When he died from a heart attack during Thanksgiving break, it was the first time I had lost someone I felt close to.  I had seen this man every morning for 6 years of band practices.  I had worked with him one-on-one for years, getting ready for contests or for All-State tryouts.  When he was gone, it was like my love for music became a dim little spark, and I lost much of my drive for competing.  While I had made All-State Band during my freshman, sophomore, and junior years, I did not end up making it my senior year, and I was first chair clarinet in our band.  To say it was an embarrassment would be an understatement, but I really didn’t care.  I flubbed that audition and just walked away from it all.  Mr. S would have been sorely disappointed, and I could feel that in every bone in my body as I read the results of the tryout.   The shame still creeps through me whenever I think back on it.

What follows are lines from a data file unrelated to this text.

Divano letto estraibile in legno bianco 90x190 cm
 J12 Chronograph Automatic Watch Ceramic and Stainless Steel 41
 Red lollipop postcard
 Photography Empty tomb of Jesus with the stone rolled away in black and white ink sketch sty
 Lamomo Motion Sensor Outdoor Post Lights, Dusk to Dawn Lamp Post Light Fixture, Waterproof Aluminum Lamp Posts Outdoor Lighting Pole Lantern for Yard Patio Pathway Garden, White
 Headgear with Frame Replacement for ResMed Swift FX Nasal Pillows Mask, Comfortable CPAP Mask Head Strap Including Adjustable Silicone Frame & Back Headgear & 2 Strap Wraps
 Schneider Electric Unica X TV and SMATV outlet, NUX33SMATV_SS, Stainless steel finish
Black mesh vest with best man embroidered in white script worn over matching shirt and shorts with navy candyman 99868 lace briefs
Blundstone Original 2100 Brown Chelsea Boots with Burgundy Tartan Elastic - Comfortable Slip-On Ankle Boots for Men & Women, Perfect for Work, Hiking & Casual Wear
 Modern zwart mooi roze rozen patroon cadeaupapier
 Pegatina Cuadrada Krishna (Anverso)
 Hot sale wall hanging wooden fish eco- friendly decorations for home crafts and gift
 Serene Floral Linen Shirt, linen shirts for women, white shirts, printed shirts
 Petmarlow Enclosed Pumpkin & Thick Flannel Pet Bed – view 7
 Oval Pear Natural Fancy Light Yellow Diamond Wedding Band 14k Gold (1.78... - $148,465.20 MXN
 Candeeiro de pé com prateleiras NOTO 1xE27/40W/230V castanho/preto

My clarinet still hides in the hall storage closet, and once in a while I take it out to see if I can still remember how to read the notes of my old music books.  I smile every time I see Mr. S’s admonishment of “NO LIPSTICK” on my practice book, andI remember how exasperated he’d get with me in junior high, when my lipstick obsession knew no boundaries.  All my reeds were stained pink.   This memory bleeds into other ones — of some of the untraditional ways he tried to make the clarinet players understand how to properly play with a reed.  If I didn’t use good embouchure, he’d grab my thumb and put the tip of it in his mouth to show the proper way to hold the lips around the reed. Sounds gross, and we’d be horrified by it in junior high, but it worked.

Never underestimate the power of a good teacher.  The bad ones usually get all the press, but the good ones are out there, pouring their souls into their work.  The biggest compliment a teacher can receive is knowing that he or she made an impact on someone else, so if you have teachers you’d like to thank, do it today, before you lose that chance forever.